They don't want you to sick those PA black bears on them haha. I wonder if its people overlooking it or intentionally omiting location info. You are absolutely right about location being pertinent info for helping others with their issue.


----------



## Bearcarver

smokinstevo27 said:


> They don't want you to sick those PA black bears on them haha. I wonder if its people overlooking it or intentionally omiting location info. You are absolutely right about location being pertinent info for helping others with their issue.




My bears are very well behaved. I haven't lost a neighbor or a visiter yet, except maybe a salesman or two.  Shhhhhhhh !!!

Bear


----------



## richoso1

smokinstevo27 said:


> They don't want you to sick those PA black bears on them haha.
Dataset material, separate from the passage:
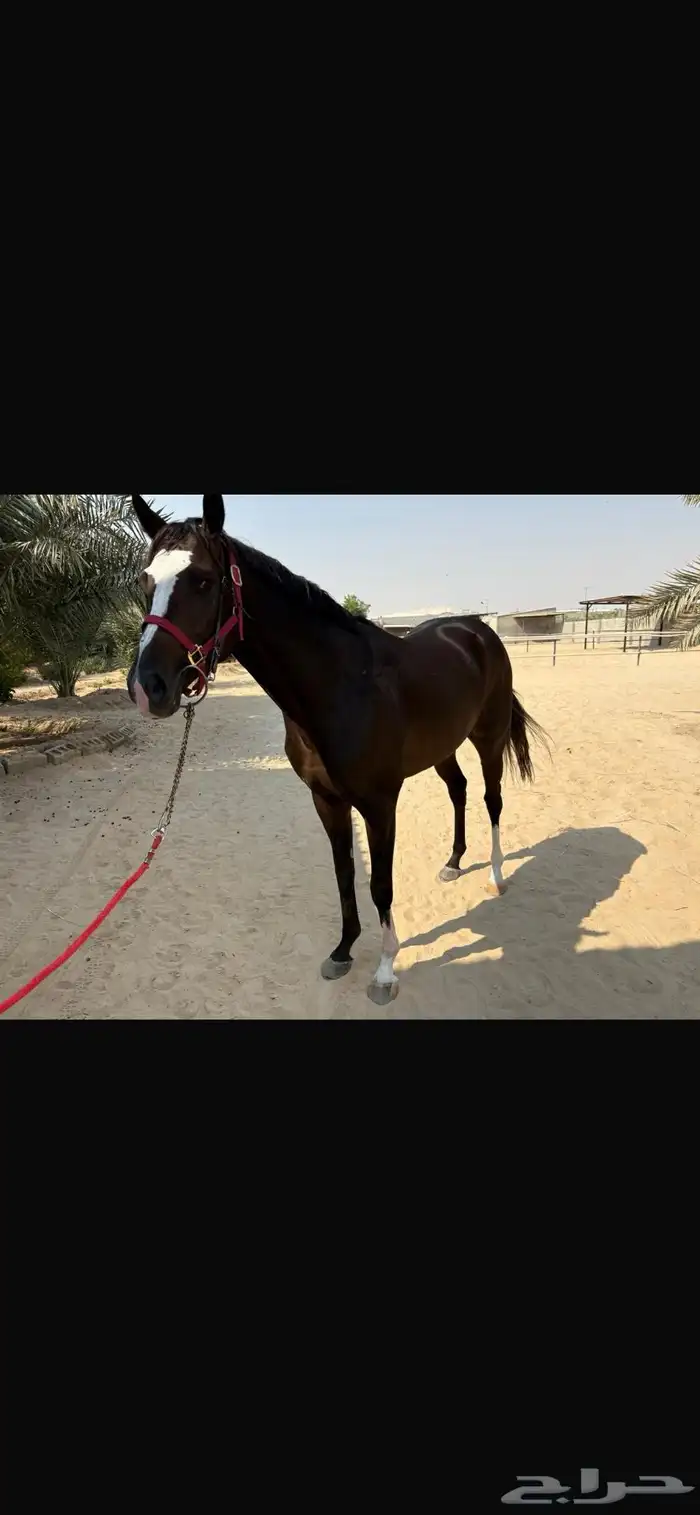 حصان انقليزي طيب جدا 0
I wonder if its people overlooking it or intentionally omiting location info. You are absolutely right about location being pertinent info for helping others with their issue.


I respect one's right to privacy. On the other hand,it' may be difficult to give advise when one doesn't know the city and or state. newbie's and others, think about it, and if it feels right, make the change in your profile. Just don't trust a smoker with your secret recipe for a rub, sauce, salsa, a girl's number. or...


----------



## beer-b-q

I think it should be a mandatory part of registering.  If all you give is your town and state you are not giving your home address.
 


miamirick said:


> i totally agree its just nice to see where everyone is located   especially if your up north trapped in snow while we are down here with the ac running
> 
> maybe Jeff could make it a requirement  just city and state  nothing intrusive with that


Rick, I know it says Miami in your user name but not in upper right where location is...LOL  It could be Miami, Oklahoma or Miami County KS..


----------



## smokinstevo27

Well said Rich, I respect member's decisions either way. Like Bear, I just wonder what people think is going to happen if we know your general location. Its not like you are announcing your social security number.

 


richoso1 said:


> I respect one's right to privacy. On the other hand,it' may be difficult to give advise when one doesn't know the city and or state. newbie's and others, think about it, and if it feels right, make the change in your profile. It's all good my friend.


----------



## bluebombersfan

miamirick said:


> i totally agree its just nice to see where everyone is located   especially if your up north trapped in snow while we are down here with the ac running
> 
> maybe jeff could make it a requirement  just city and state  nothing intrusive with that


Just about out of the snow now!!!


----------



## boykjo

I agree and I politely ask new members to fill out their profile all the time...............
	

	
	
		
		



		
			






          they usually oblige


----------



## hexlobular

I think all of you have some really good points.  I like for folks to know my general whereabouts; it's nice to be able to relate to someone's area. 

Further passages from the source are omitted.